I dig the 3rd one. It's a hybrid: tapered but with a purple top.

I leave the 4th one in the ground on purpose. If I like these, I want one to overwinter and possibly go to seed so that I can collect the seeds for future gardening.

So here is the motley crew laid out (left to right, 3, 2, and 1):



And close ups:
1.


2.

3.


I still do NOT know what these are.

So decide to next conduct a smell test.  What do they smell like?

1st: Ugh. Smells gross. Like dirt. Bad dirt.

2nd one: Smells like Rutabaga.

3rd one: Smells like Parsnip.

Frack. Still no idea what these are.

I decide that I'll clean them up and get them inside to see what they really are. So I proceed to cut off the leafy tops and all those hairy roots.  The dogs are suspiciously not interested in any of this.  Uh-oh. Why?
They eat anything and I mean, A-N-Y-T-H-I-N-G.

Tap Tap

Now I tap on the biggest one. It's much lighter than I'd expect for a rutabaga of this size.  I keep cutting off the roots. Then I see ....
 
Instead of where the root should be, there's a bunch of small hairy roots. So I trim some more.
 
<cue horror music>
 
Then I see...inside the thing.
 
It's hollow.
 
Empty.

OMG, it's empty. 
 


Something could be in there. I'm picturing a mouse having a munch. So I give it a really hard shake hoping that said mouse will fall out and not run up my coat arm.

No mouse. Nothing shook free. 


Whew. I can breath a little more. But now I'm icked out majorly

I proceed to dissect some more, cutting directly into it from multiple sides. All those years of Biology labs weren't for nothing, you know.

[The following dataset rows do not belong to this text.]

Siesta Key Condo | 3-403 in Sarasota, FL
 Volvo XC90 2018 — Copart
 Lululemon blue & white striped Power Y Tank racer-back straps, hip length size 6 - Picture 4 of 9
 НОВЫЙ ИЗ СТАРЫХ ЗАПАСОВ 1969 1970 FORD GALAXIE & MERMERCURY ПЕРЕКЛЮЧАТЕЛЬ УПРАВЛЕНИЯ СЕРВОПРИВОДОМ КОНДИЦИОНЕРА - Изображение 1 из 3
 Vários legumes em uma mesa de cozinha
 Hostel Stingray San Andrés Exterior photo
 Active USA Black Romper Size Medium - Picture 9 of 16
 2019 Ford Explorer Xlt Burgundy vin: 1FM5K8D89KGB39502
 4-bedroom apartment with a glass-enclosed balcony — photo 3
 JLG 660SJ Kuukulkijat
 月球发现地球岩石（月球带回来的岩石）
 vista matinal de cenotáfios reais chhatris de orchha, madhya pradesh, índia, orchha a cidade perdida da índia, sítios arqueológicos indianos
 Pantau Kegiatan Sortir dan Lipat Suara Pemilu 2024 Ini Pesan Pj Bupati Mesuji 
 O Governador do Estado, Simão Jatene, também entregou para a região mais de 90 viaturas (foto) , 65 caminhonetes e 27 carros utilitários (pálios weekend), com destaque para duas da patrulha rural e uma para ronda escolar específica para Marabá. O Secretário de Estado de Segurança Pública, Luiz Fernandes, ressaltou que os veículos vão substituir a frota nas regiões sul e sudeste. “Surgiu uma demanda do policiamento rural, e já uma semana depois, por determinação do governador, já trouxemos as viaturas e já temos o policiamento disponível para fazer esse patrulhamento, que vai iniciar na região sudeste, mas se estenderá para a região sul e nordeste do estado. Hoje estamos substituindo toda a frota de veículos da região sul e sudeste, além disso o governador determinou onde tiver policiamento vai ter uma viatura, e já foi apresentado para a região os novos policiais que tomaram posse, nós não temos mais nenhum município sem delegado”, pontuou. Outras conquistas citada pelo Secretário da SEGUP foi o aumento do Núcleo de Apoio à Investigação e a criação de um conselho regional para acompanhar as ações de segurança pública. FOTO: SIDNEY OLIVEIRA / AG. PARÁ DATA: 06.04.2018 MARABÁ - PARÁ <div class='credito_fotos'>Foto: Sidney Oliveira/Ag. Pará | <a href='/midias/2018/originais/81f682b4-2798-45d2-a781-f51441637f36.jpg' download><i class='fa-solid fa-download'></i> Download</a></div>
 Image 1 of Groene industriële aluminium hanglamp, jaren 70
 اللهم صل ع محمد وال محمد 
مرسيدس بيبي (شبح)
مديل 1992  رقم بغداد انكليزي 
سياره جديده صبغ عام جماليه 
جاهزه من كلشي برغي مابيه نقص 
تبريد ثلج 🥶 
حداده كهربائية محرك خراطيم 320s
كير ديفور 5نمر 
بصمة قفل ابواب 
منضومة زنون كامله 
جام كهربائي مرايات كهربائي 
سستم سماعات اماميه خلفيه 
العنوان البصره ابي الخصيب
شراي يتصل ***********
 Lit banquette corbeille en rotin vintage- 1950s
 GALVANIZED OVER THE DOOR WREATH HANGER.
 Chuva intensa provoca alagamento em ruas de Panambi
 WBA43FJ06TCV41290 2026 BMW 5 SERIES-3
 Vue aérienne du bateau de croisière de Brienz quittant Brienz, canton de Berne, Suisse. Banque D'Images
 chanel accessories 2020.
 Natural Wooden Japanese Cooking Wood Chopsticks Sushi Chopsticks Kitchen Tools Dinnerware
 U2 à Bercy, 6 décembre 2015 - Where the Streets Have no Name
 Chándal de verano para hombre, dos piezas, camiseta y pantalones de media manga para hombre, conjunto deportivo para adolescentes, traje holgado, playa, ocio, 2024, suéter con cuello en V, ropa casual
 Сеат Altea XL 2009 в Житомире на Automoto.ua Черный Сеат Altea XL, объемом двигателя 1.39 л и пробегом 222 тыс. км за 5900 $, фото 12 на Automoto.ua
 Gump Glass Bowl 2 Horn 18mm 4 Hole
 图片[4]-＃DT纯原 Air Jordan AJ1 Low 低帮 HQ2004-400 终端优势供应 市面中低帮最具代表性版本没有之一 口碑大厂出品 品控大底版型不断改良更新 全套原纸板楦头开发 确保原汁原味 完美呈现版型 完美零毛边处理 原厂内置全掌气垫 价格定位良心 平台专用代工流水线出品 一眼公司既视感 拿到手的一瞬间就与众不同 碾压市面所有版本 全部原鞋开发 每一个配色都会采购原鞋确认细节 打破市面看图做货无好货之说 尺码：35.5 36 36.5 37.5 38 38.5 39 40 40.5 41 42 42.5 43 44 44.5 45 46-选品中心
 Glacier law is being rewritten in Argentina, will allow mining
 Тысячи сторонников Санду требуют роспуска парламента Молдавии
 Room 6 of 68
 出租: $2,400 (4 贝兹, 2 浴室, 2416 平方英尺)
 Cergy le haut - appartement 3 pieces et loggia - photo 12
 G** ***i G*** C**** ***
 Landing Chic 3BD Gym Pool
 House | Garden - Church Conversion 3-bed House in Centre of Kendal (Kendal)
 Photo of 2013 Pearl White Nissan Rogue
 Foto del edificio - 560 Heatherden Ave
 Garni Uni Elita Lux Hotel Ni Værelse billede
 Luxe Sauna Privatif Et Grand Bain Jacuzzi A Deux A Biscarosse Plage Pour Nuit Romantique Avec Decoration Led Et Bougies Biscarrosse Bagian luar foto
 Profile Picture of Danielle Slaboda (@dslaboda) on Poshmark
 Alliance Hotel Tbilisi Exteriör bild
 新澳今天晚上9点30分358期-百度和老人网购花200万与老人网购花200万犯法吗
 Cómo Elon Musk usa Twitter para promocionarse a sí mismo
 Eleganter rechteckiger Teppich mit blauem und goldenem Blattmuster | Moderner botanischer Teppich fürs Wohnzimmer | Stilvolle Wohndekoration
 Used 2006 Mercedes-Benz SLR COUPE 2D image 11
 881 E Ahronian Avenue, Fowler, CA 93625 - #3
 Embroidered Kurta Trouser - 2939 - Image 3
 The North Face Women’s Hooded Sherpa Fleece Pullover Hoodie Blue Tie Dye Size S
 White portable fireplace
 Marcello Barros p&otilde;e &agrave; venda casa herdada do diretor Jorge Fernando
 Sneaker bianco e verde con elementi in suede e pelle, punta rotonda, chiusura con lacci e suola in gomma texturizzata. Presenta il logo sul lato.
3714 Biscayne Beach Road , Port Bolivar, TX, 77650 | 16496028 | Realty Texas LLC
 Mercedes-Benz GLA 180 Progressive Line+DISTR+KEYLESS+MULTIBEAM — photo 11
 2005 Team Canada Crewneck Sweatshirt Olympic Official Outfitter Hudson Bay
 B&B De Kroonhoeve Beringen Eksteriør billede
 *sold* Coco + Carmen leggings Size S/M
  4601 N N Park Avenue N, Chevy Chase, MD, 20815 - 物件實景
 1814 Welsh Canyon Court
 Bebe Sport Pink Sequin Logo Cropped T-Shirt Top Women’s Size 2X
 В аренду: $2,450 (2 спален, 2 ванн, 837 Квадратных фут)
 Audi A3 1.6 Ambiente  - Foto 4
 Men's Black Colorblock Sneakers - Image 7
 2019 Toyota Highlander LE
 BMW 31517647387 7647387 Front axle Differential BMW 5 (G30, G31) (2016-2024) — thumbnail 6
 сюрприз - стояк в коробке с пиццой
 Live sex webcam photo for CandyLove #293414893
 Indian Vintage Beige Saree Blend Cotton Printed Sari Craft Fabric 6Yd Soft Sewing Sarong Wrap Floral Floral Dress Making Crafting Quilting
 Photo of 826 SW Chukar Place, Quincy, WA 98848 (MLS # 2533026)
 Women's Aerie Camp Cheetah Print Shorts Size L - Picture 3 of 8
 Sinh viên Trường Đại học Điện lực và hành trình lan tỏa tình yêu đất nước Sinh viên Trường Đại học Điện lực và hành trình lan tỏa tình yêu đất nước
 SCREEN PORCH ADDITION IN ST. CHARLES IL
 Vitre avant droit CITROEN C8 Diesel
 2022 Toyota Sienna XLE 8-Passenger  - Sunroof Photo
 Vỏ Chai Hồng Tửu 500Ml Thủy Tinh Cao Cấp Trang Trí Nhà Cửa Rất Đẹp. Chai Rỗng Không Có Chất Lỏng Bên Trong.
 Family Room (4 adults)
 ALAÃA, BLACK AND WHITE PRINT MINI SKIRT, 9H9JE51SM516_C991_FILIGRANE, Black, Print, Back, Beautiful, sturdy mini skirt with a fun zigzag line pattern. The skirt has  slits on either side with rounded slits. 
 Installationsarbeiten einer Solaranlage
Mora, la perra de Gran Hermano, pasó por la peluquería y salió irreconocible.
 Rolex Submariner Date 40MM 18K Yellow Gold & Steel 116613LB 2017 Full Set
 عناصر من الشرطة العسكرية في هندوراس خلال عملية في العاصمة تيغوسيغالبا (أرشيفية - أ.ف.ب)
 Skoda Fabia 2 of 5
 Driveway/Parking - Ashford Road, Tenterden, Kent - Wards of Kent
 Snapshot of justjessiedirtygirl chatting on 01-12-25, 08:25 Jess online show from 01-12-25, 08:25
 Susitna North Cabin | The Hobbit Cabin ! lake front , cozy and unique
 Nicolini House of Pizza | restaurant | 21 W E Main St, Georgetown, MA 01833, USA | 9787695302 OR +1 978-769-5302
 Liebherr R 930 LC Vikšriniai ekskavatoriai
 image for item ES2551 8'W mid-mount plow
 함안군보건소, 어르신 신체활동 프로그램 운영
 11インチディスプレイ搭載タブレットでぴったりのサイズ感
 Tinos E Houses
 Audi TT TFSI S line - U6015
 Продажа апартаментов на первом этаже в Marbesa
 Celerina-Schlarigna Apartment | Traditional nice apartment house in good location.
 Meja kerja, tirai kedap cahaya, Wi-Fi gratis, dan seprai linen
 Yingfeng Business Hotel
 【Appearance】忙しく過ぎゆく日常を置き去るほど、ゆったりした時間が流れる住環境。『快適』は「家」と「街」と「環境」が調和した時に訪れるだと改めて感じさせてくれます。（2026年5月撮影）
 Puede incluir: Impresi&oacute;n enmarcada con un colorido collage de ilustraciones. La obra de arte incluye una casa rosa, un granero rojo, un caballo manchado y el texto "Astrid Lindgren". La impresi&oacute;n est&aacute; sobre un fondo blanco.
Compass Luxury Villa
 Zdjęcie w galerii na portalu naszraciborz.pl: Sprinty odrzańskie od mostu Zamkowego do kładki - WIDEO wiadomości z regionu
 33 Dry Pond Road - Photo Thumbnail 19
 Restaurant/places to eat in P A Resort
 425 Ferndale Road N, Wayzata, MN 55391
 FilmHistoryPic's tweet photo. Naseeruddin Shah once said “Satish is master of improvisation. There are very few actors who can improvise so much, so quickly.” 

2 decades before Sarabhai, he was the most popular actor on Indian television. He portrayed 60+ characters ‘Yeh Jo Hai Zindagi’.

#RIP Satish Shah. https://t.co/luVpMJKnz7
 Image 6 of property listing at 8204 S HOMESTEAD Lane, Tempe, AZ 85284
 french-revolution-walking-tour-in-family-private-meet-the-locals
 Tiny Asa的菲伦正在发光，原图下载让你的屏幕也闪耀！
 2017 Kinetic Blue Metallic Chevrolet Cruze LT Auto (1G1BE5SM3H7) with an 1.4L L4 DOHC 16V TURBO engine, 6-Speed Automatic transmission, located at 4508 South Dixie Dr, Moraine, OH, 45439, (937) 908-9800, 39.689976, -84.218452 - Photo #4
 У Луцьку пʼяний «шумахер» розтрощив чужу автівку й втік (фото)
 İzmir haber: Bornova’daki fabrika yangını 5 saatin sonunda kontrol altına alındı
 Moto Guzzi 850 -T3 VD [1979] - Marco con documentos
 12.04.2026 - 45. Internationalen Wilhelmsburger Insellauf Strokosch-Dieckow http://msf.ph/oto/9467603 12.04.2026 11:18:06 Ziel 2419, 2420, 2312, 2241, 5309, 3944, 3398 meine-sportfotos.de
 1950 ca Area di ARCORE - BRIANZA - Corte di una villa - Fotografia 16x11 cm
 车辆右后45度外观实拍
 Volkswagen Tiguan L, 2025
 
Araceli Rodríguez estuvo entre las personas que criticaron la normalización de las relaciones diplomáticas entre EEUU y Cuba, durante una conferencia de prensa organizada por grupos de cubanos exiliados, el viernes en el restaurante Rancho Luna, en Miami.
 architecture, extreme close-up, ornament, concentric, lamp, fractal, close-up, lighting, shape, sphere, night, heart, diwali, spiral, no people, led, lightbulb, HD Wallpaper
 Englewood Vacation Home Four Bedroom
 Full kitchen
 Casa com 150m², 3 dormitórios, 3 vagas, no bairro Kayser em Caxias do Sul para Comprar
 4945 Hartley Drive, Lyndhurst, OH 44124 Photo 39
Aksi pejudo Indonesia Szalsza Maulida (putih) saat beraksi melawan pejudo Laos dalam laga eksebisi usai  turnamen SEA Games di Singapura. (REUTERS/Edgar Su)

I talk to it while I take it apart. "What are you?"  "Why are you like this?" "Eww, that part is worse than the other." "I'm cutting you into small pieces so my dogs can eat you." Would I make a good super villain?


The two other things stand by like "We've got nothing to do with that."


So that 1st biggest one never made it inside my house. It went into the compost pile.  Which is a positive and a negative.

  • A positive because it is a large green leafy donation to the compost pile and if there is one thing....OK...two things...my compost pile doesn't much get, it's heat and green things.
  • A negative because I sacrificed the prosperity of my onions for this.
So I definitely had a Sally in the pumpkin patch outcry moment.


Resolution...?

I dug up the 4th one. No use letting it grow since I don't really like this outcome.

I brought the 2nd and 3rd one inside for a wash and trim to see if they could be salvaged.

Here they are cleaned up.



And they look and smell much more like parsnips.

I think the mystery vegetables are parsnips.  

They are...I'm sorry to type...on the woody side.  Even the dogs are giving me an "I don't know about this" look for the scraps.😕

The parsnip that was #1 was just a parsnip gone bad. A parsnip that turned the evil. A parsnip that sided with the Emperor.

Yikes, I watch too much Star Wars.

But who's going to eat these? I don't know.  That next adventure will wait for the next episode.